RDC : entre guerre, Constitution et échéances électorales, le pouvoir face à un choix délicat.

Le débat sur l’avenir institutionnel de la République démocratique du Congo prend de plus en plus d’ampleur alors que la situation sécuritaire demeure préoccupante dans l’Est du pays. À mesure que persistent les affrontements dans plusieurs zones en conflit, des interrogations émergent déjà autour de l’organisation des prochaines élections générales prévues en 2028.
Lors d’une récente intervention publique à Kinshasa, le président Félix Tshisekedi a laissé entendre que le contexte sécuritaire actuel pourrait avoir un impact significatif sur le calendrier politique et électoral. Entre l’instabilité persistante dans l’Est, les défis logistiques et les enjeux politiques, plusieurs observateurs estiment que la tenue des scrutins dans les délais constitutionnels pourrait devenir un véritable défi.
Parallèlement, l’éventualité d’un référendum portant sur une révision ou une réforme de la Constitution alimente également le débat.
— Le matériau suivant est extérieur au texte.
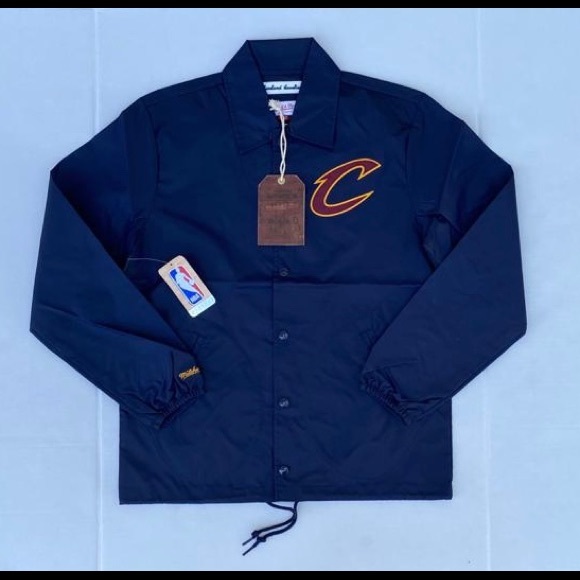 nba coach jacket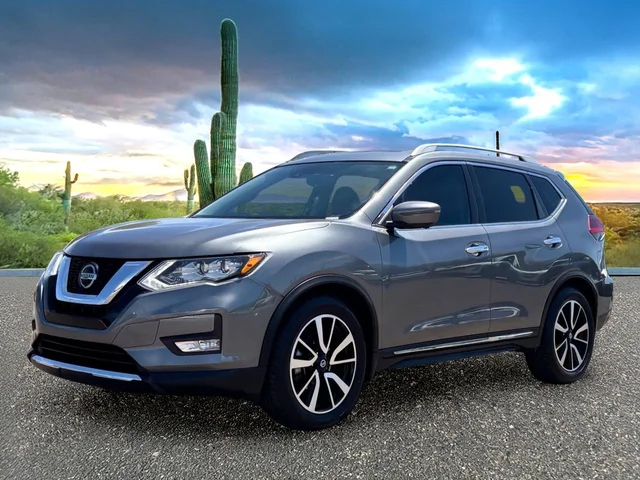 2020 Nissan Rogue SL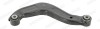Brat suspensie roata spate dreapta Moog VO-TC-13242 Audi A4 B6 B7 Exeo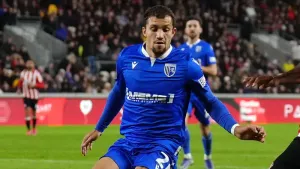 Salford cling on to play-off place despite losing to Gillingham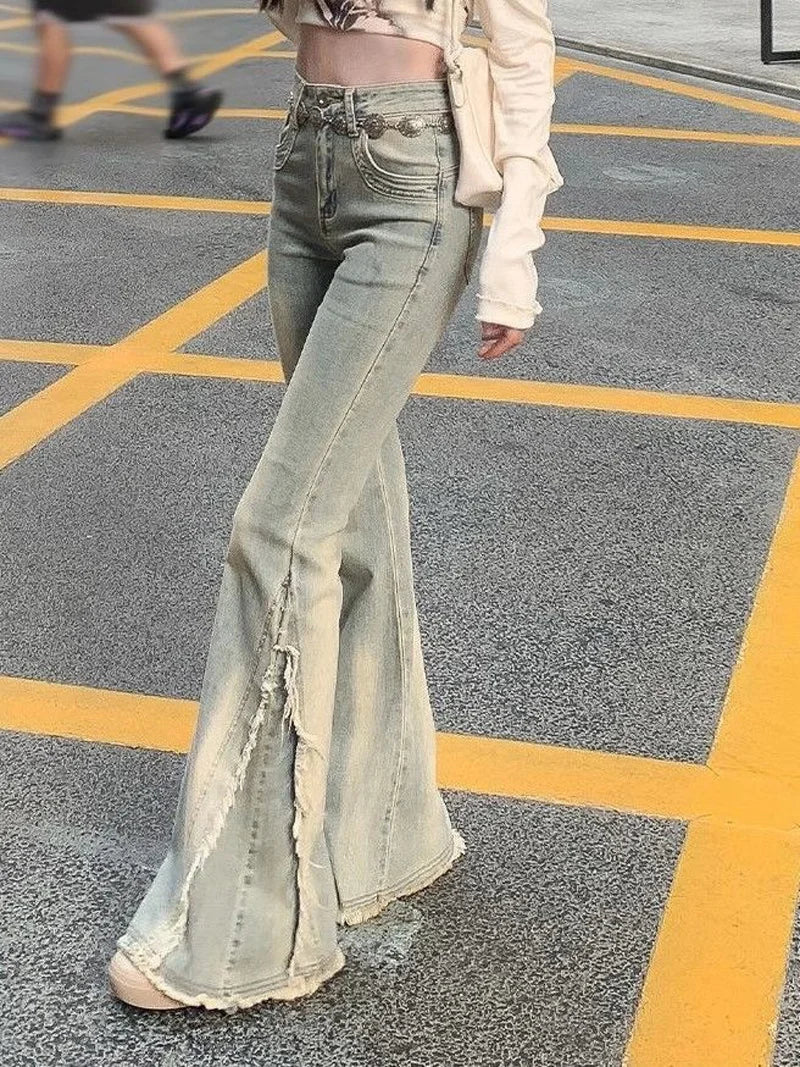 Retro Aura Denim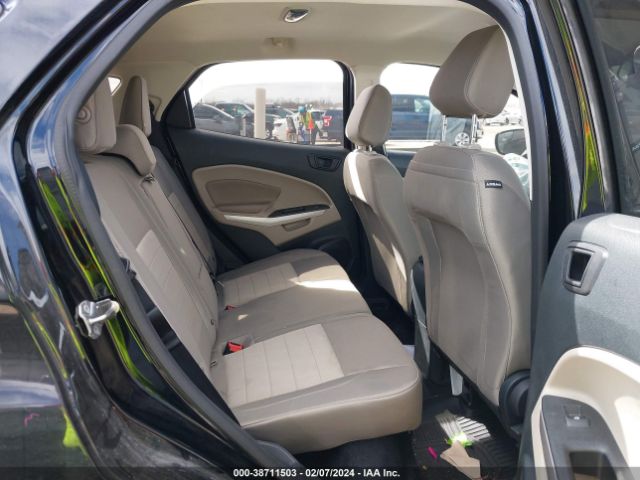 MAJ3S2FE3MC445137 Ford ECOSPORT S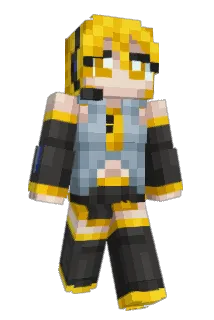 Bilwir Minecraft avatar full body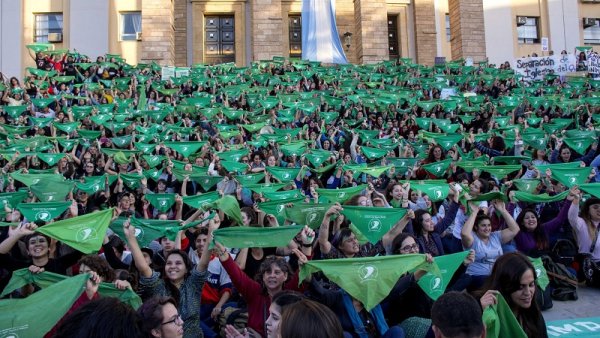 Autoridades de la Facultad de Ciencias Médicas de la UNCuyo prohíben cátedra sobre aborto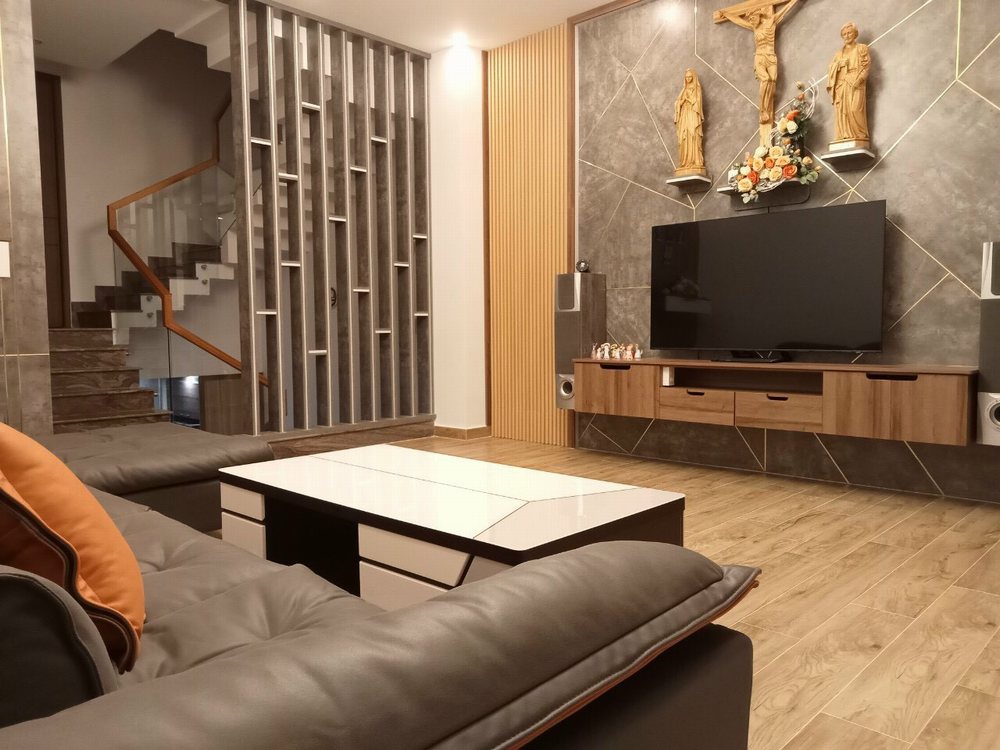 Thiết kế thi công xây dựng nhà ở, nhà phố, biệt thự Bình Dương 1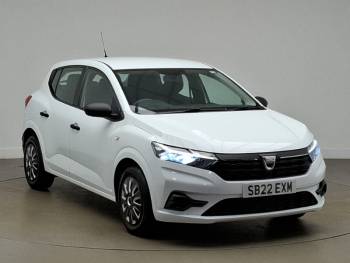 2022 (22) Dacia Sandero 1.0 SCe Essential 5dr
Une telle initiative, dans un contexte où certaines zones des provinces du Nord-Kivu et du Sud-Kivu restent affectées par l’insécurité liée aux activités de l’AFC/M23, pourrait susciter des contestations quant à la participation effective de l’ensemble de la population.
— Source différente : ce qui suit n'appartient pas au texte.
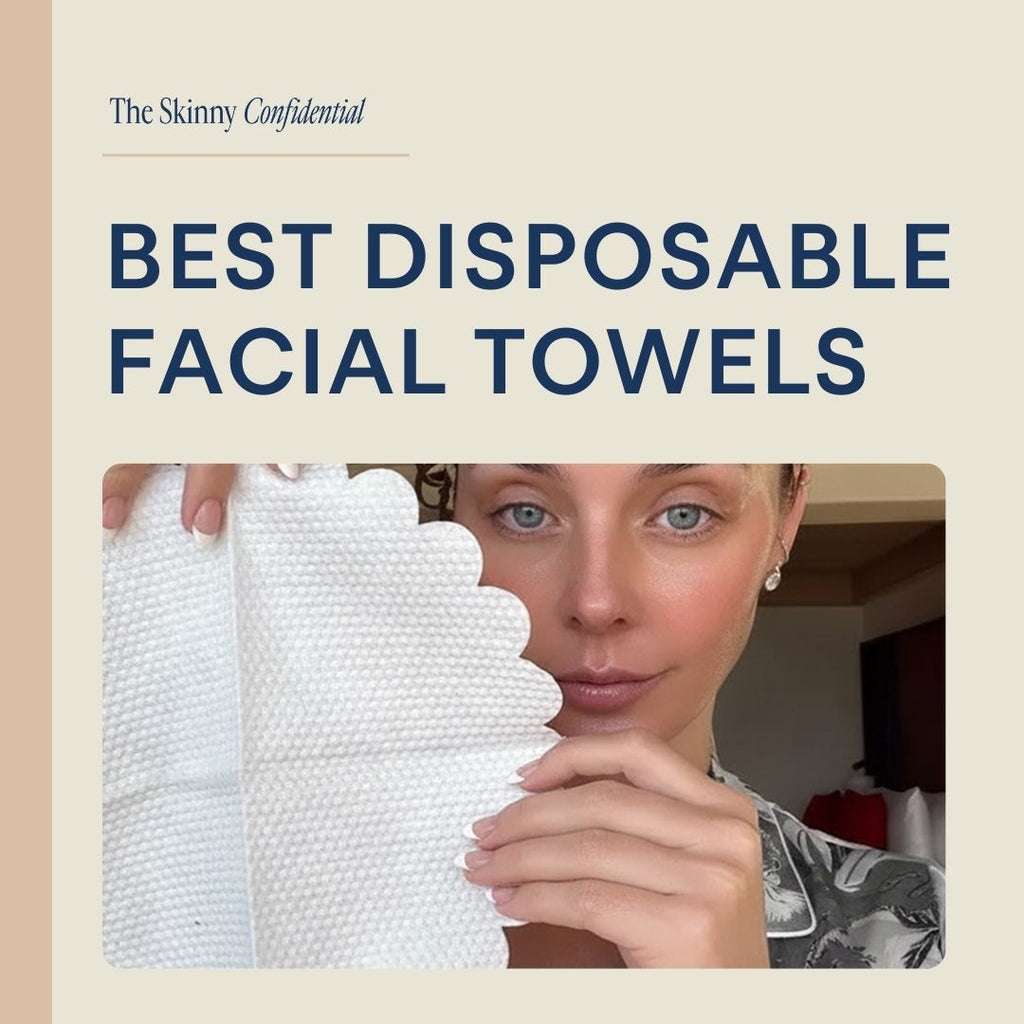 Best Disposable Facial Towels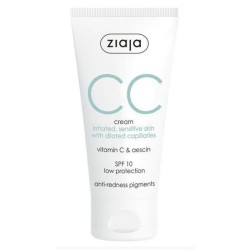 Ziaja Cc Cream Correctora...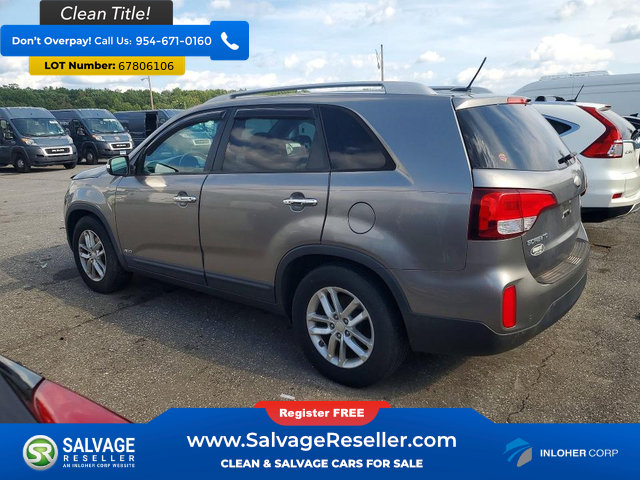 Used 2014 Kia Sorento LX AWD/4WD image 3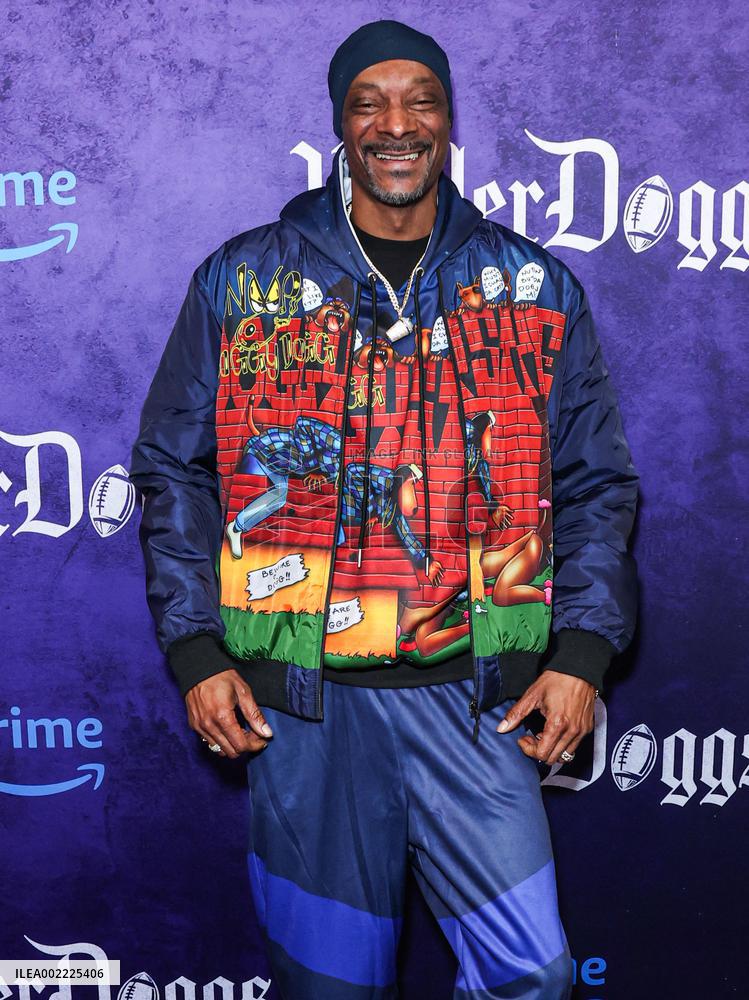 World Premiere Of Amazon Prime Video's The Underdoggs - LA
À l’inverse, un éventuel report des élections dans l’attente d’un retour complet de la paix pourrait ouvrir une autre controverse, celle de la légitimité institutionnelle au-delà des échéances prévues par la Constitution.
De son côté, l’opposition politique continue de réclamer le respect strict du calendrier électoral de 2028, accentuant davantage la pression sur le pouvoir en place.
Entre impératifs sécuritaires, débats constitutionnels et rivalités politiques, les prochaines années pourraient s’avérer déterminantes pour l’avenir politique et institutionnel de la République démocratique du Congo.